La Voz de Galicia

La felicidad tiene que ver con lo excesivo. Algunos piensan que la aseguran poniendo diques a lo que les rebasa: lo reducen a proporciones digeribles o, simplemente, lo tachan, borran lo excesivo de sus vidas y se conforman con un vivir pequeñito, de casa de muñecas, donde resulta fácil acomodar cada elemento, donde los demás son apenas muñecos que sirven al juego y uno lo controla todo a su gusto, mientras dura. Mientras dura la casita, mientras duran los muñecos, mientras duran las ganas de jugar.

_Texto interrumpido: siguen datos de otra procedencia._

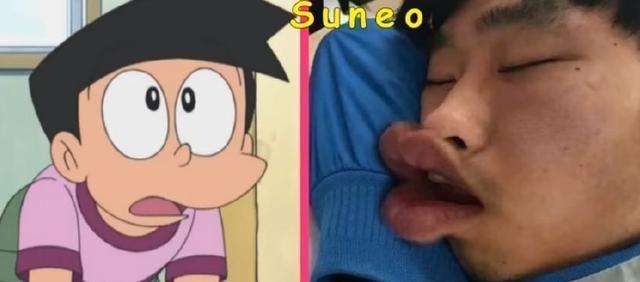 哆啦a梦真人版:静香不愧是童年女神!小夫堪称毁容!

Otros buscan la felicidad como pueden, sin descartar lo que les excede por mucho que a veces no lo comprendan del todo o comprendan incluso poco. No hacen maquetas del universo, que serían falsas, para intentar abarcarlo, sino que se pasman en su contemplación, en la inmensidad tremenda que se expande más allá de unos límites desconocidos y a partir de un origen igualmente ignoto. Pasmarse no significa renunciar a comprender, más bien lo exige. Pero cuanto más comprendemos, más se amplía el ámbito de lo desconocido. Ocurre también con nuestra propia libertad. Y ocurre, sobre todo, con el amor, tan excesivo e incontrolable.

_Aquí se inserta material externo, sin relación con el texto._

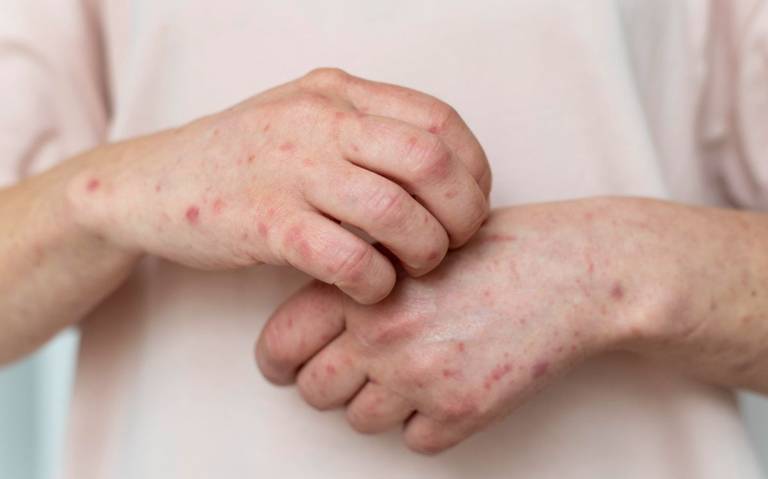 Secretaría de Salud emite nueva alerta epidemiológica por casos de sarampión en México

Las sociedades que se articulan como casitas de muñecas se aseguran un infierno. Como no quieren saber nada de lo excesivo y rechazan lo incontrolable, terminan sometidas a las manías de un loco o de varios, quizá astrólogos. Las otras, ya digo, van haciendo lo que pueden, pero progresan. Nos viene muy bien, por eso, el Año de la Fe que ha convocado Benedicto XVI y arranca el jueves. Otra oportunidad para lo excesivo, para lo que no podemos controlar.